**RECORD EXTRACTS**
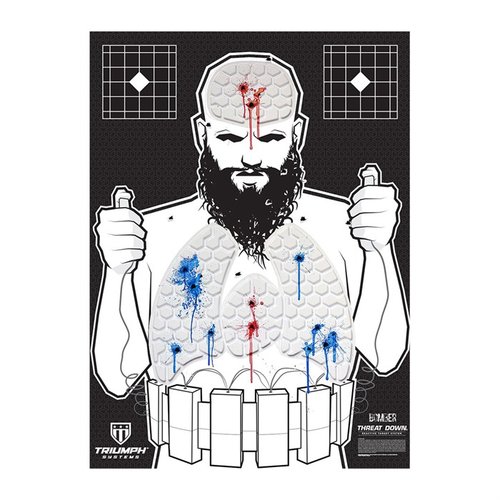 Threat Down Bleeding Bomber Target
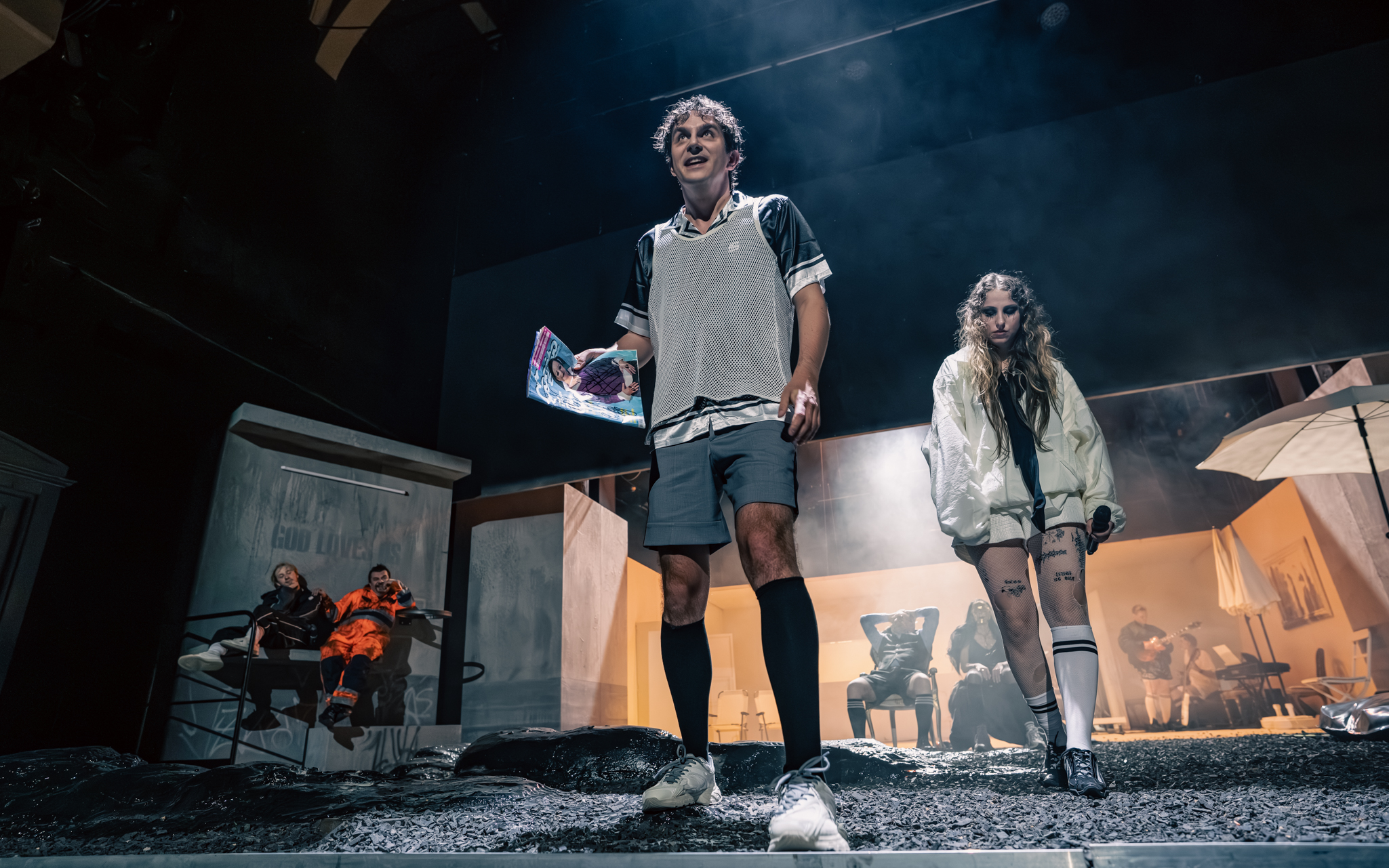 Mam coś w głębi nie do przedstawienia. Hamlet | fot. HaWa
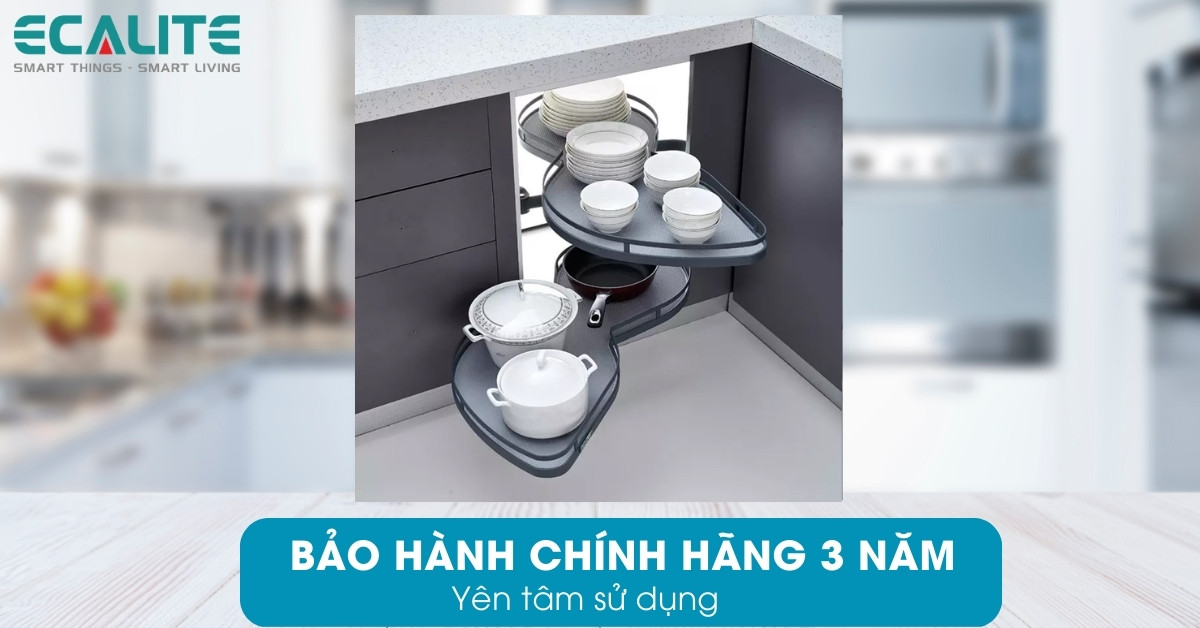 Chính sách bảo hành 3 năm giúp khách hàng sử dụng yên tâm
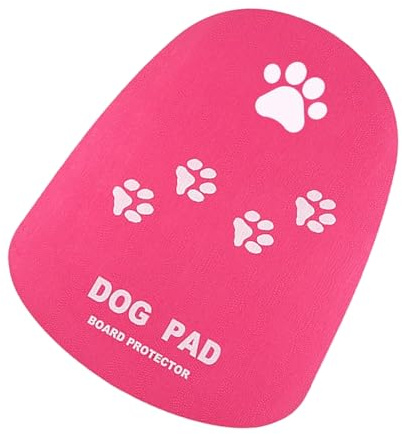 Dog Surfboard Traction Pad - PVC Textured EVA Grip Mat Durable Boat Decking Sheet Anti-Rutsch Surfboard Zubehör mit selbstklebendem Design | Paddleboard, Kajak, Skimboard, Pool, Marina,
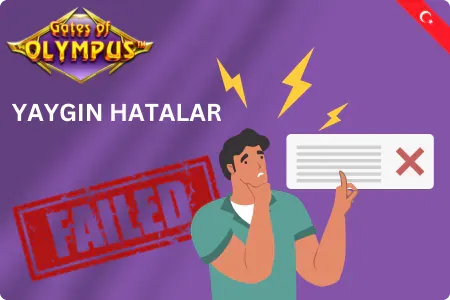 Yaygın Hatalar Gates of Olympus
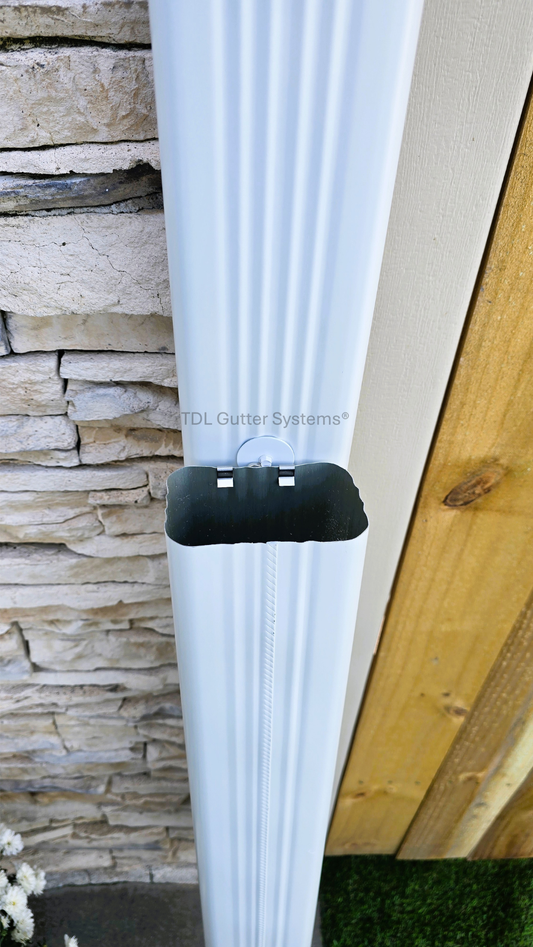 Downspout Extension Retention Clip
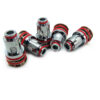 GTX Replacement Coils, 0.6ohm, Mesh, Sub-Ohm Coil for Enhanced Flavour and Vapour, Compatible for Luxe XR Max, Luxe X Pro Kit, Vaporesso Vaping Coils, Pack of 5, No Nicotine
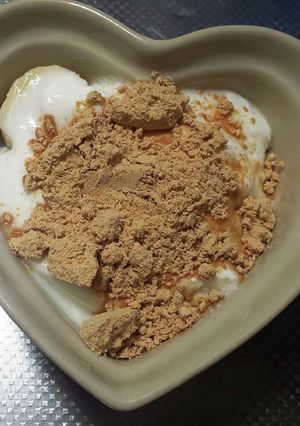 バナナきなこヨーグルト♡ダイエットおやつ-レシピのメイン写真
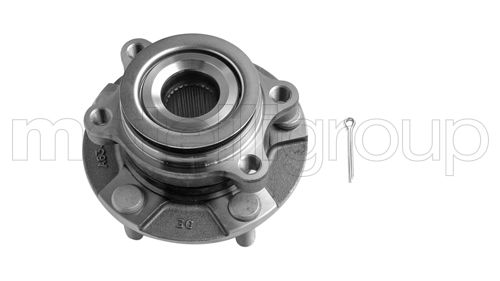 Metelli 197709 Підшипник маточини (передньої) Nissan Juke/Leaf/Qashqai I/X-Trail/Renault Koleos I 07
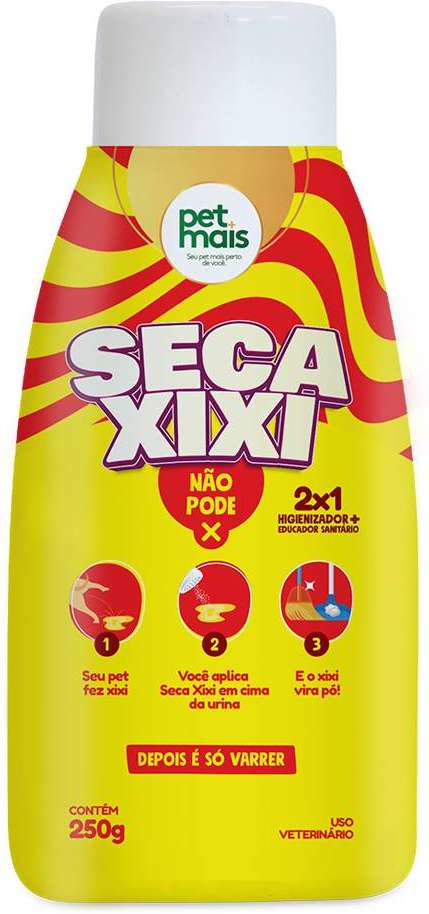 Seca Xixi Petmais Repelente Não Pode - 250 g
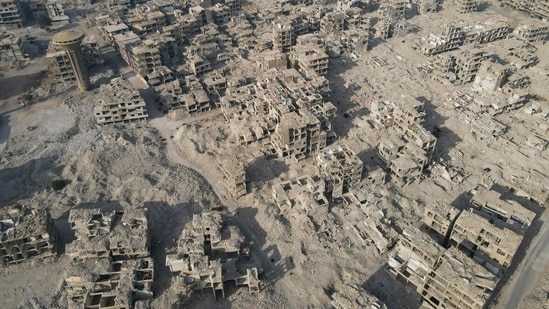 310 авиаударов по сирийским объектам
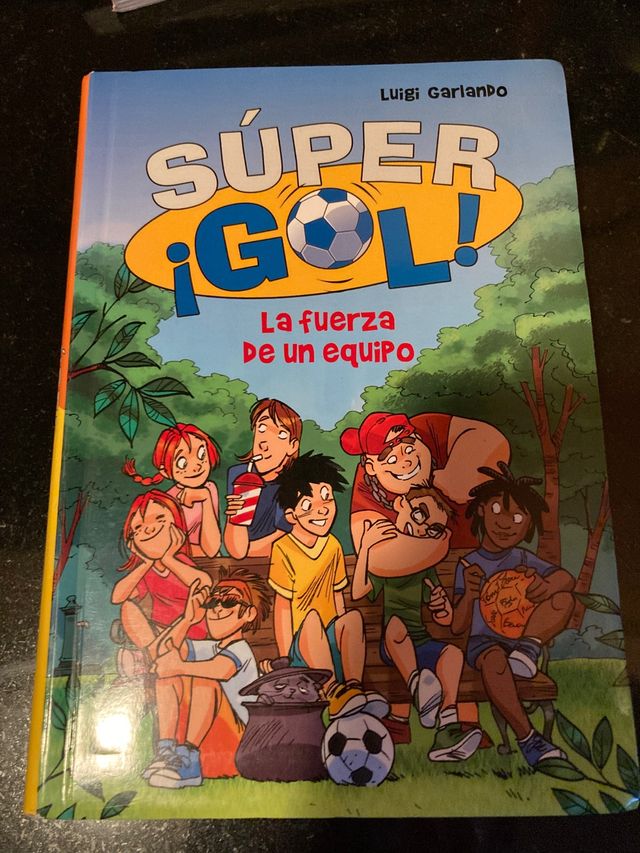 Súper gol "La fuerza de un equipo"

**YOUR OBJECTIVE**
In the data above, find the line containing "Seca Xixi Petmais Repelente Não Pode - 250 g", then output it and every later line exactly, without the pictures.

**ANSWER BELOW**
 Seca Xixi Petmais Repelente Não Pode - 250 g
 310 авиаударов по сирийским объектам
 Súper gol "La fuerza de un equipo"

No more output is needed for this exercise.